Cumhurbaşkanı Erdoğan, Malazgirt Zaferi'nin 953’üncü yıl dönümü kapsamında Bitlis Ahlat'taki etkinliğe katıldı. Erdoğan, özetle şöyle konuştu:
“Ahlat fetihler ve fatihler doğuran, başkentler doğuran, fiziki varlığından daha büyük görevler, manalar ihtiva eden şehirler anası bir şehirdir. 8 bin 200 ecdat mezarıyla Ahlat, bize kim olduğumuzu, nereden gelip nereye gittiğimizi de hatırlatır. Bakınız değerli kardeşlerim, göreve geldiğimizden bu yana Ahlat’ı yeniden bir başkent gibi ihya etmeyi bir vazife olarak gördük, hep bu şuurla hareket ettik. Ahlat’ı kökleriyle buluşturmak, tarihimizdeki yerine uygun şekilde yeniden tarih, kültür ve cazibe merkezi haline getirmek için çok çalıştık. Çalışmalarımız ve çabalarımız neticesinde Ahlat, hamdolsun küllerinden yeniden doğdu.
“Bizi bölmeye çalıştılar”
Etnik köken üzerinden bizi bölmeye çalıştılar. Mezhep, meşrep üzerinden bizi ayırmak istediler. Siyasi görüş farklılıklar üzerinden nifak çıkarmaya çalıştılar. Bölücü terör örgütü eliyle aramıza nefret duvarları örmeye kalktılar. Daha bunun gibi nice hain ve kalleş oyunla kardeşliğimizi dinamitlemek, bizi kolay yutulur lokma haline getirmek istediler. Allah’ın yardımı, aziz milletimizin basiretiyle hepsini üstesinden geldik. 85 milyon olarak her zamankinden daha sıkı kenetlendik. Bugün de aynısını yapıyoruz.

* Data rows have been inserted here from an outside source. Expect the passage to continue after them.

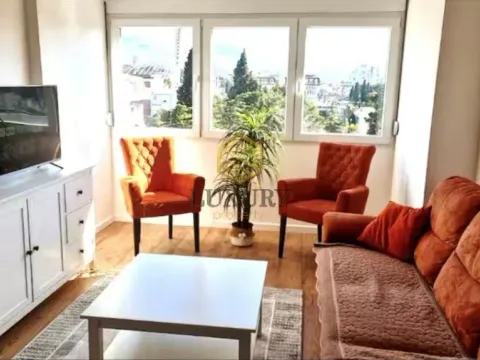 Izdavanje, dvosoban stan, 62m², Preko Morače, Podgorica - image 1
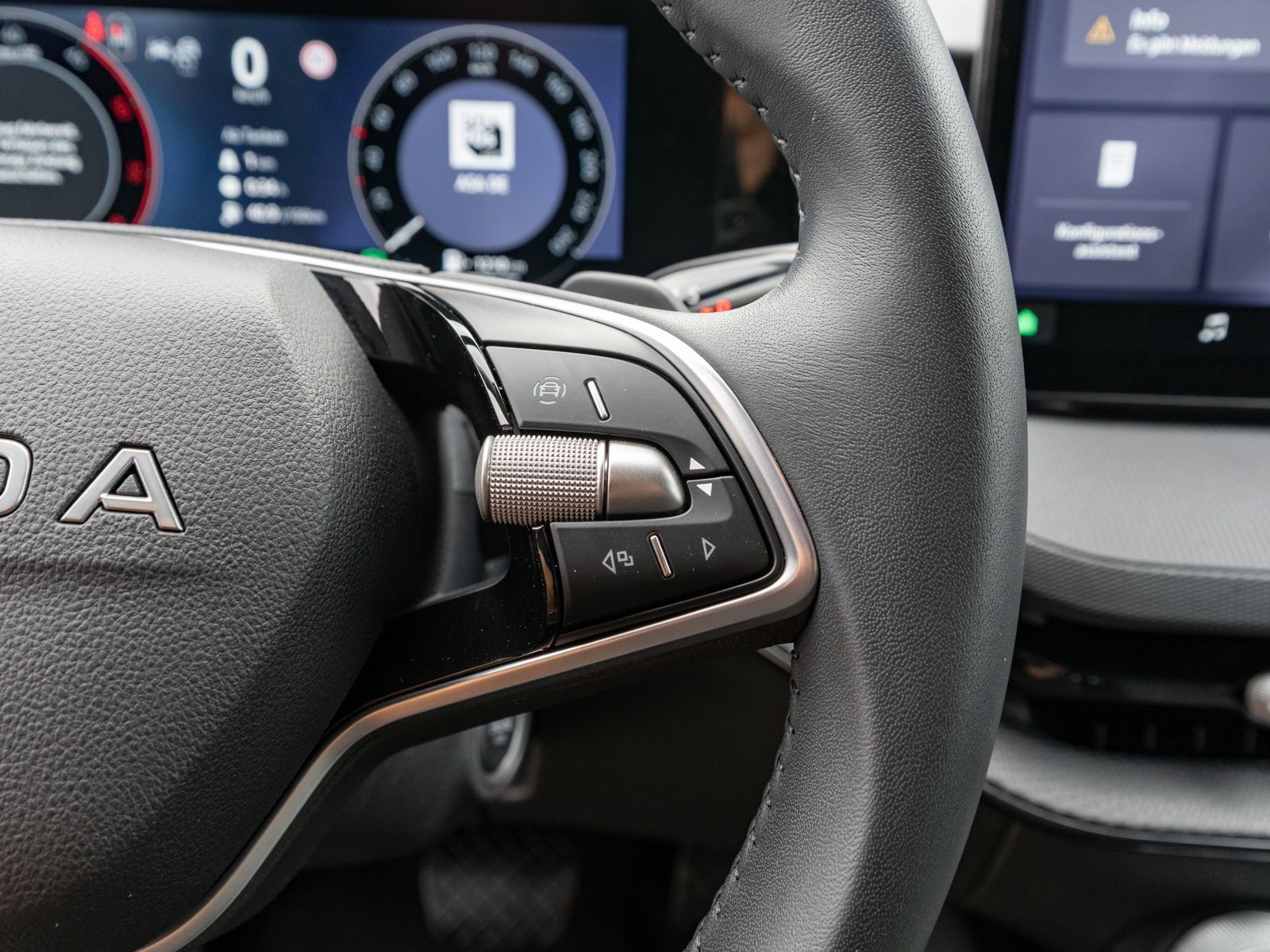Fahrzeugabbildung SKODA Superb Combi Essence 2.0TDI LED Navi AHK RFK SHZ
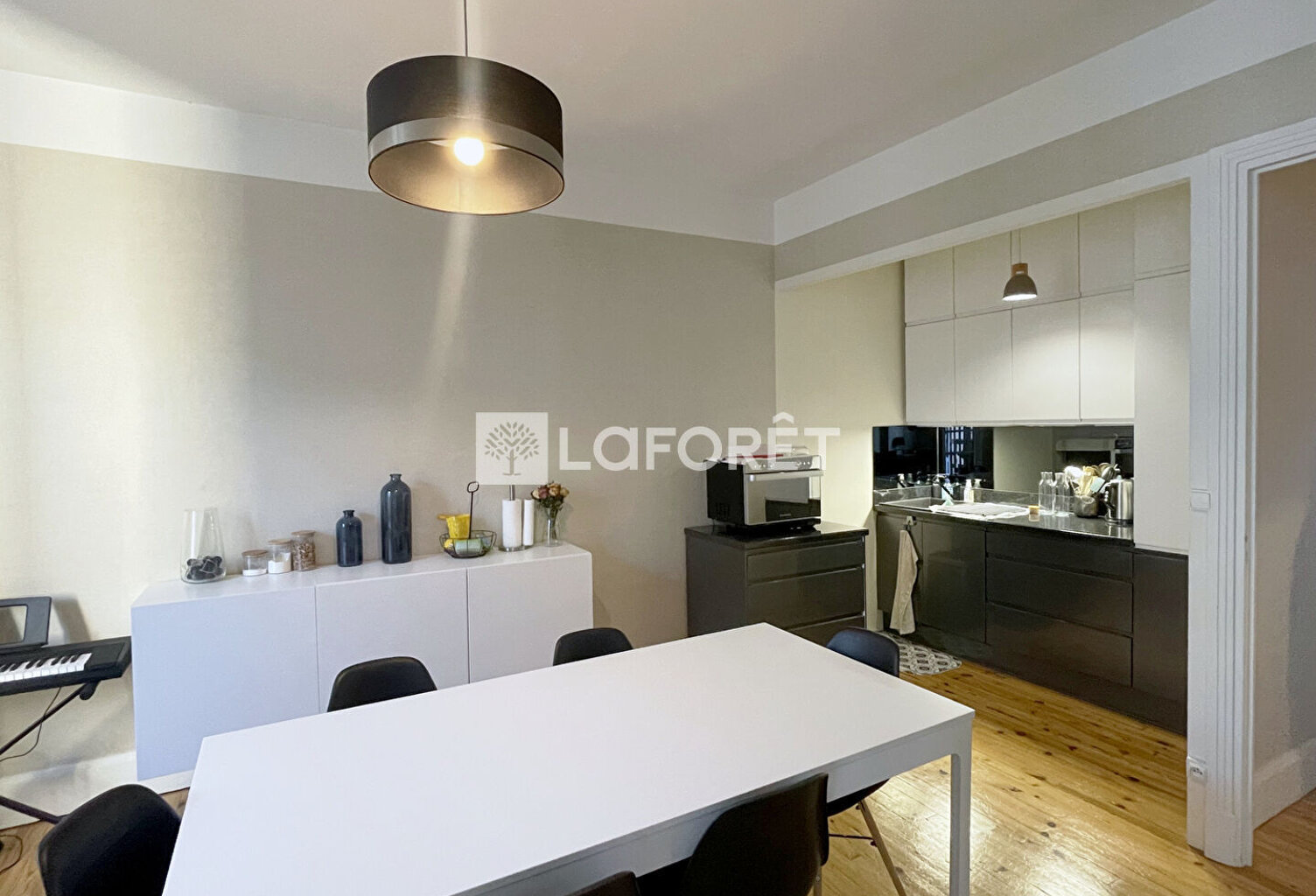 Appt  75 m² - 2 chambres, cuisine séjour, entièrement rénové — photo 1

Vatanımıza yönelik senaryoları yırtıp atarak yolumuza devam ediyoruz. Şunun bilinmesini isterim, bizler bu toprakların emanetçisi değil, asıl sahipleriyiz. Bu toprakların altında da üstünde de biz varız. Her karışında bir şehit yatan Anadolu bizim öz yurdumuzdur. Buradaki varlığımızı hâlâ hazmedemeyenleri, hâlâ hayaller peşinde koşanları bekleyen büyük bir bozgundur, yıkımdır, ağır bir mağlubiyettir. Şunu da söylemek isterim, milletimizin ebedi, ezeli kardeşliğini bozmaya çalışanlar ne yaptılarsa bir türlü muvaffak olamadılar. Bu topraklardaki kardeşlik hukuku tarihimizin hiçbir döneminde mezhebe, meşrebe, etnik kökene göre belirlenmedi.”